- Born: November 29, 1922 Calgary, Alberta
- Died: February 13, 2014 (aged 91) Collingwood, Ontario
- Education: University of Saskatchewan University of Toronto
- Awards: Order of Canada Order of Ontario

= Raymond Heimbecker =

Canadian cardiovascular surgeon

Raymond O. Heimbecker, (November 29, 1922 – February 13, 2014) was a Canadian cardiovascular surgeon who performed the world’s first complete heart valve transplant in 1962, and Canada’s first modern heart transplant in 1981 with anti-rejection drugs to prolong the patient's survival.

Born in Calgary, Alberta, he received a Bachelor of Arts degree from the University of Saskatchewan in 1944. He received his Doctor of Medicine degree from the University of Toronto in 1947. He also received a Master of Arts in physiology and a Master of Science in surgery. He worked with Wilfred Bigelow and Alfred Blalock.

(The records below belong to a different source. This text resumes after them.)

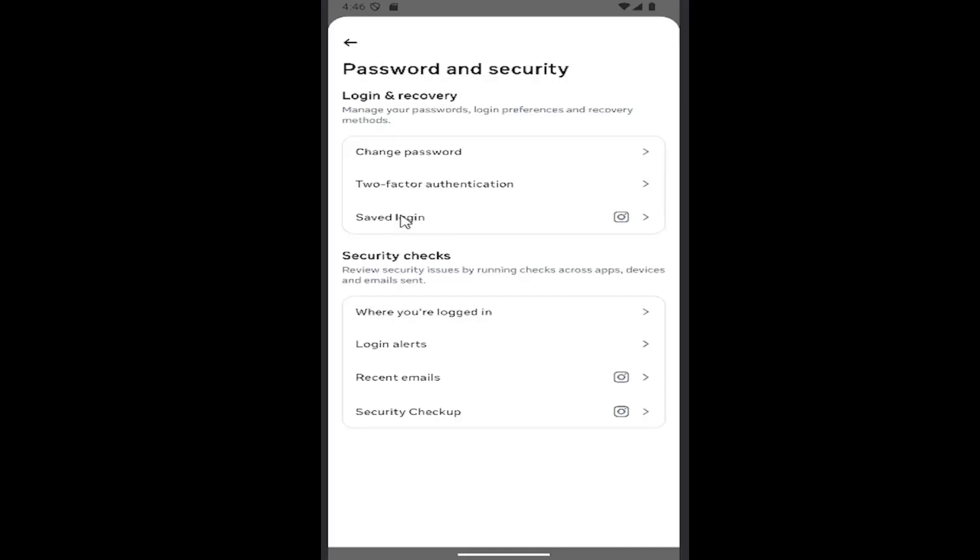And select where it says Saved Login at the top, and then you can go ahead and enable that for your recognized devices. And that's pretty much all you would have to do. So pretty straightforward process on that.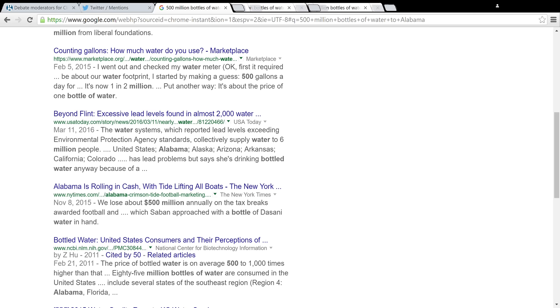Alabama, Alaska, Arizona, Arkansas, California, Colorado has lead problems.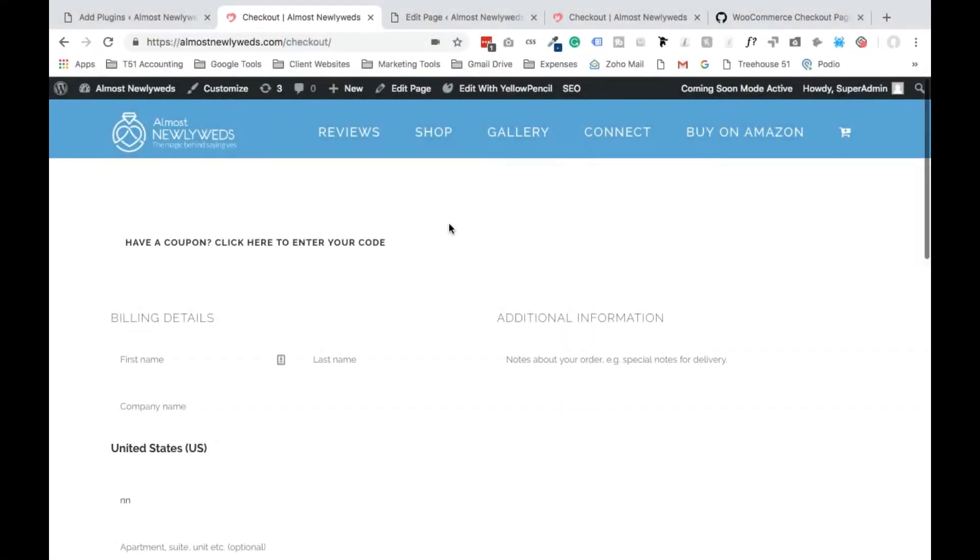Hey guys, Kirk here from TRIOS51 and in this video I'm going to show you how to style the checkout page on your WooCommerce WordPress website.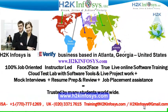Welcome to H2K Infosys. H2K Infosys is an e-verify business based in Atlanta, Georgia, United States.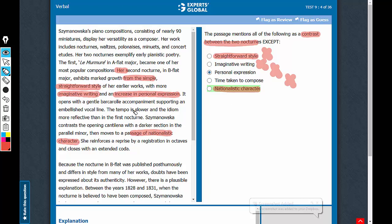See, the contrast ended here wherever you're seeing these comparison thoughts - slower, more reflective. But then, this talks about the characteristics of the second nocturne, this part, that after the opening it moves to a passage of nationalistic character.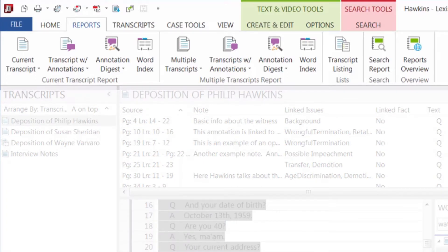You can run reports of only the transcripts, just the transcript notes, or of both transcripts and the notes.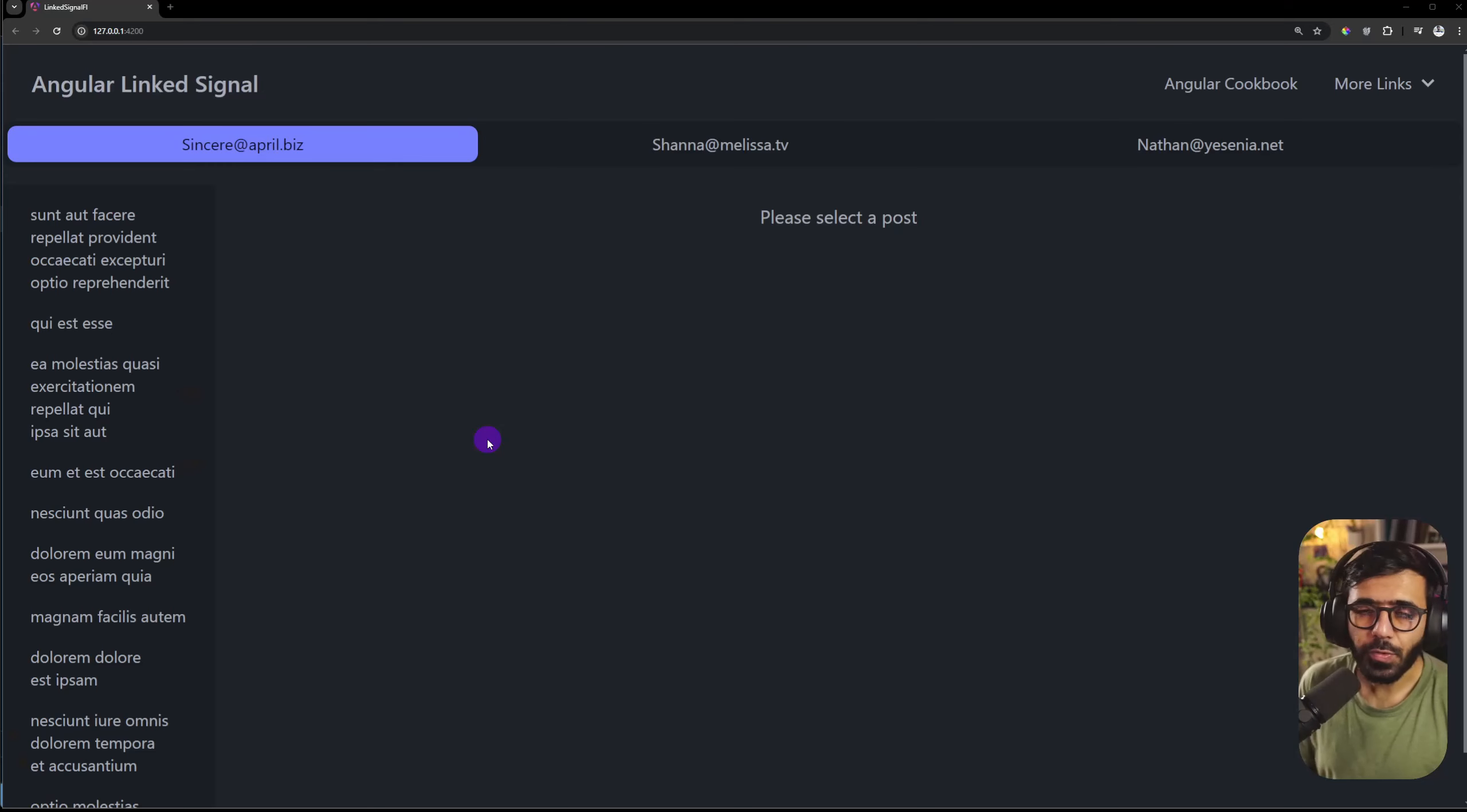Angular 19 is just around the corner and they have introduced this new primitive in signals called linked signals. Let's try it out and see when to use it.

In 1955, he joined the Department of Surgery at the University of Toronto and was a research associate at the Ontario Heart Foundation. In 1962, he became a cardiovascular consultant to the Wellesley Hospital. He was a professor at the University of Western Ontario.

In 1997, he was made an Officer of the Order of Canada for being "at the forefront of his specialty, developing advanced techniques for heart surgery and assisting in the first human heart valve transplant". In 2002, he was awarded the Order of Ontario.

He has received an honorary degree from the University of Saskatchewan.